_The problem:_
Omit every image, and transcribe the remaining entries exactly as given.
• • • • •
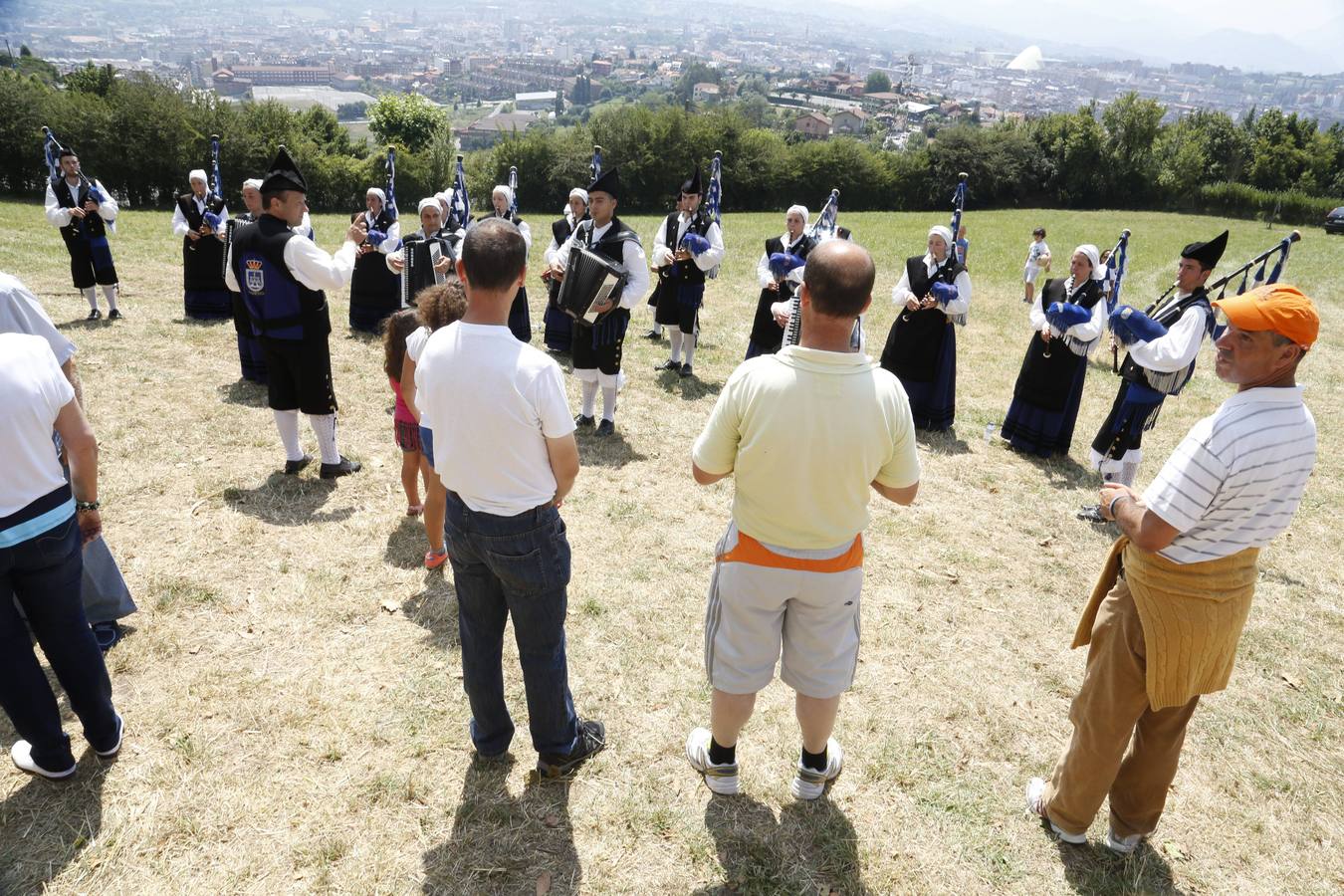 Santa María se rinde al Apóstol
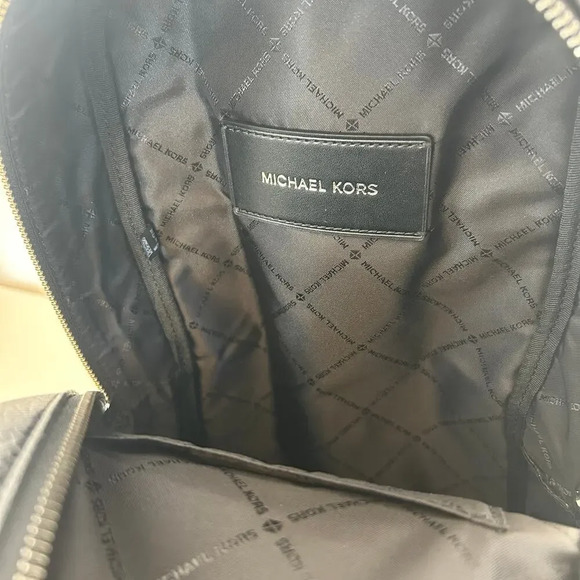 Michael Kors MK Cooper Logo Sling Pack Black - Picture 6 of 9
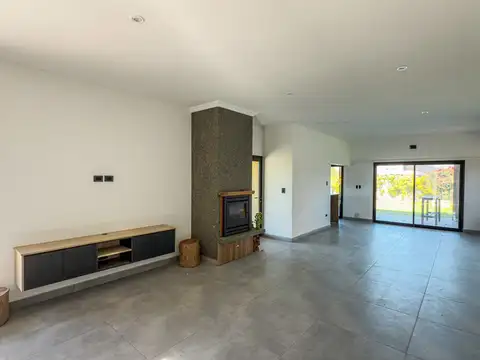 Casa en Venta en Roldan, USD 178.000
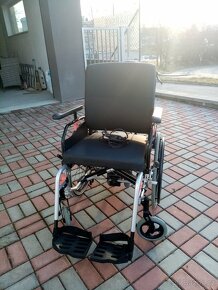 Invalidní vozík elektrickým pohonem - 3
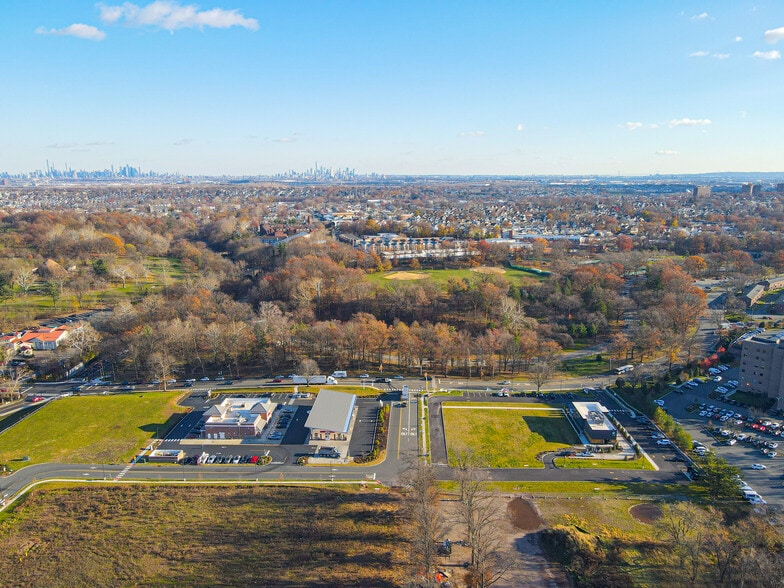 More Photos Of 11 Franklin Ave, Belleville Land For Lease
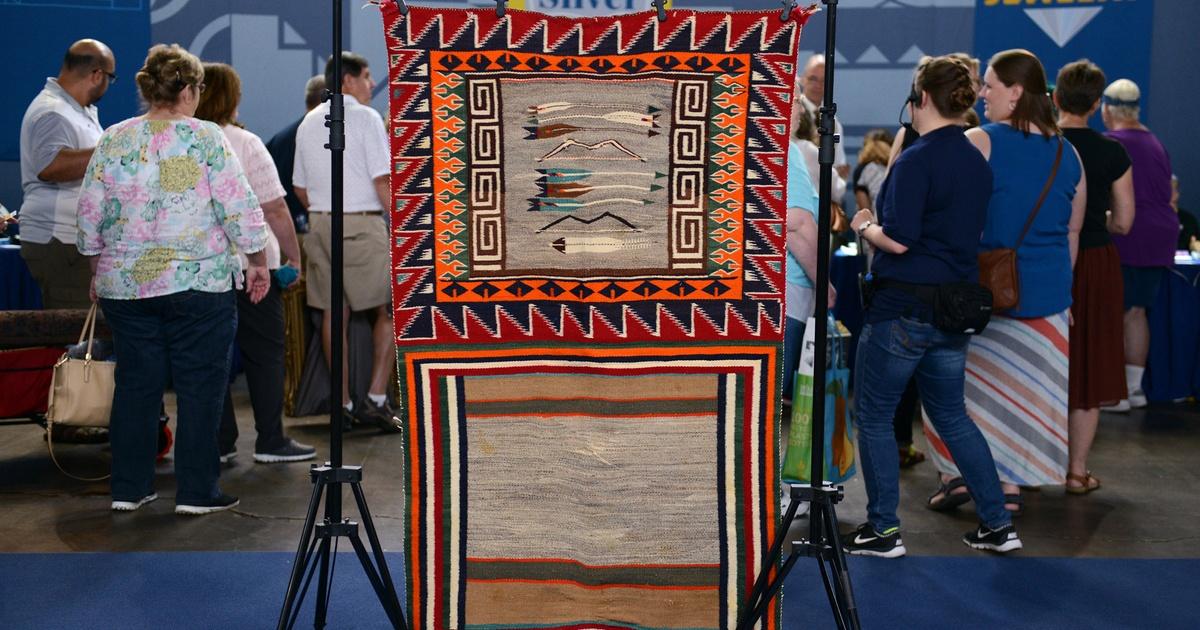 Antiques Roadshow Appraisal Navajo "Sunday" Saddle Blanket, ca. 1915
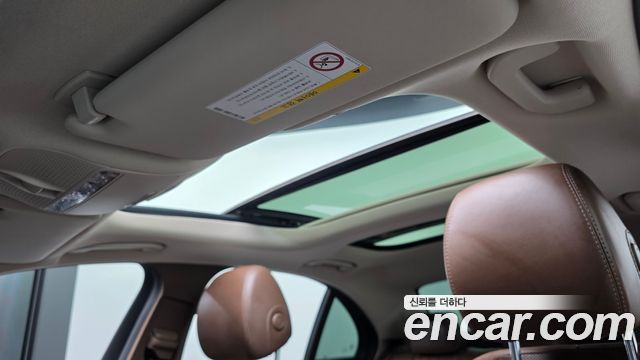 مرسيدس إي كلاس W213 E300 4MATIC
• • • • •
_The completed task:_
 Santa María se rinde al Apóstol
 Michael Kors MK Cooper Logo Sling Pack Black - Picture 6 of 9
 Casa en Venta en Roldan, USD 178.000
 Invalidní vozík elektrickým pohonem - 3
 More Photos Of 11 Franklin Ave, Belleville Land For Lease
 Antiques Roadshow Appraisal Navajo "Sunday" Saddle Blanket, ca. 1915
 مرسيدس إي كلاس W213 E300 4MATIC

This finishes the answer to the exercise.